The more I get invested in and knowledgeable about anime, the more that particular disconnect becomes frustrating to me. Anime is an industry replete with talented, deeply motivated directors and animators… and most of the time, all they get to apply that talent to is low-tier adolescent fantasies. With shows frequently conceived as promotional materials for questionable sources, great directors can often just do their best to salvage a bad situation (like with last season’s Grimgar and ERASED, both of which warped their source material into something stronger than it had any right to be). You could blame this on a lack of possible source material, but manga is actually a very rich medium – unfortunately, many great manga don’t actually get adapted into anime. The markets just don’t work out that way, and often the more grounded, sharply written manga just jump straight to live-action film (see: Solanin).
In contrast, Gankutsuou is based on The Count of Monte Cristo, a classic caper of some considerable merit. And Gankutsuou doesn’t seem at all intimidated by its own source material; in fact, the adaptation is an extremely creative reinterpretation, recasting the French period piece as a scifi drama, and even shifting the viewpoint character from the narratively larger-than-life Count himself to the young, insecure Albert. This first episode confidently strides through the first meetings between Albert and the Count, as Albert begins to be drawn into a world of murder and revenge he is clearly ill-equipped to handle.
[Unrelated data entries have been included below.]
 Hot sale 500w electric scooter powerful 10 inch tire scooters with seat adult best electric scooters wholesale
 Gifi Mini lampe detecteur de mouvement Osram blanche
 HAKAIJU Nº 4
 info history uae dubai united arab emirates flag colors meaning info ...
The story certainly opens with plenty of hooks. We’re introduced to Albert and his closest friend Franz near the end of Carnival, a lengthy celebration on what we assume to be the moon. The pair attend an opera recital, further complicating the story’s anachronistic flair, and there Albert comes across a pocket watch belonging to the mysterious Count. The three meet for dinner and then an execution, and as the sinners wail for forgiveness or absolution, the Count proposes a game. In his hand he has one official pardon – on the table he sets three cards. Whichever card Albert lifts, the name written there shall be absolved of his guilt. And so Albert picks a card, condemning himself as he sets a man free.
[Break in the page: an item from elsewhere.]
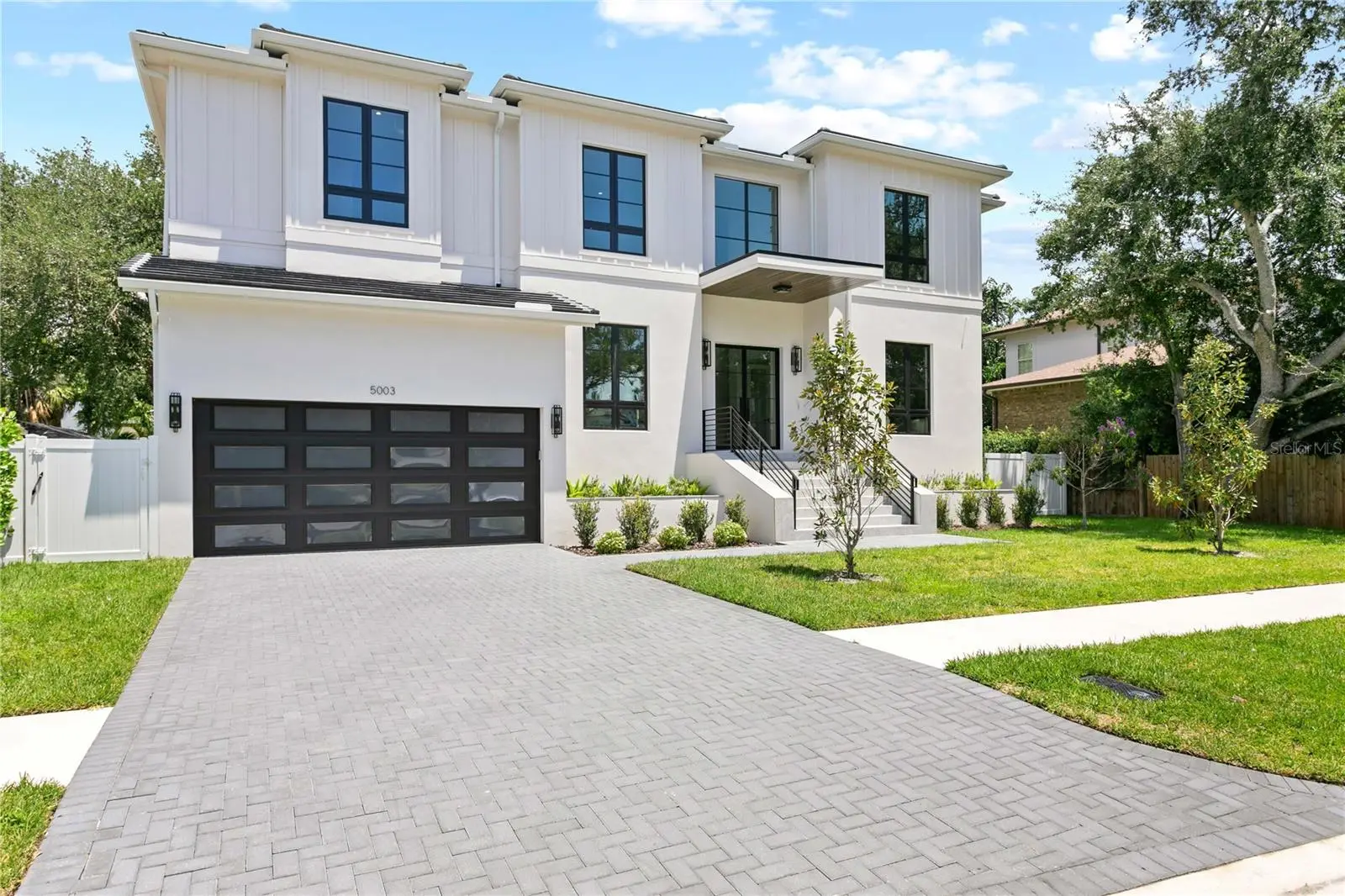 5003 Poe Avenue, FL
There’s already plenty to unpack within these short minutes. Even if we didn’t know this was a story about justice, forgiveness, and revenge, that climactic execution puts all those themes in full view. The revelry of Carnival is quickly contrasted against a beggar in the streets, and that contrast only becomes more pronounced when the festivities and the execution merge into a single event. While two of the condemned men plea for freedom, the one who committed the most heinous crime goads the crowd, laughing at his sins, through his pride condemning those who see entertainment in his fall. In the end, he is the one saved by Albert, while the penitent men face the guillotine.
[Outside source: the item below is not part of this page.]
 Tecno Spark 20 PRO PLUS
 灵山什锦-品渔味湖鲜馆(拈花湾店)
But even the layered and driving storytelling is not Gankutsuou’s most distinctive feature. That would have to be its visual design – a design almost unique within anime, where key characters are dressed not in realistic outfits, but in complex but physically flat textures. It’s almost as if each character’s outfit is a distinctive wallpaper, making for a visually arresting experience even before you get to the show’s cavernous, often 3D backgrounds and strong directorial hand.
The textured designs inherently set Gankutsuou apart among anime, but simply “being unique” doesn’t necessarily imply a successful artistic choice. The actual effect of this particular choice must be engaged with as well, and in this case, the style perfectly matches the intent of the production. The textured outfits give Gankutsuou a heightened, play-like atmosphere, a mood fitting for an oversized classical tragedy. The Count’s appearance is given much greater impact through the intersection of his outfit, his arresting hair, and the excellent use of shadow offsetting his colorful robes. The contrast between the key characters’ designs and the background characters’ traditional colors increases the sense of a theatrical tragedy, where the show’s characters are actors unable to escape their assigned roles. And by the time we reach the execution, it’s clear that these designs mirror the story even in its base themes; Gankutsuou’s outfits are beautiful but fake, as garishly artificial as the justice ruling this world.
Gankutsuou’s first episode is a masterful piece, limited only by its visibly jerky animation. In terms of underlying design, the show is a wonder, and the narrative already seems like a strong and independently creative take on a classic story. Gankutsuou offers a compelling world and a gripping story within it, elevated through a visual personality all of its own.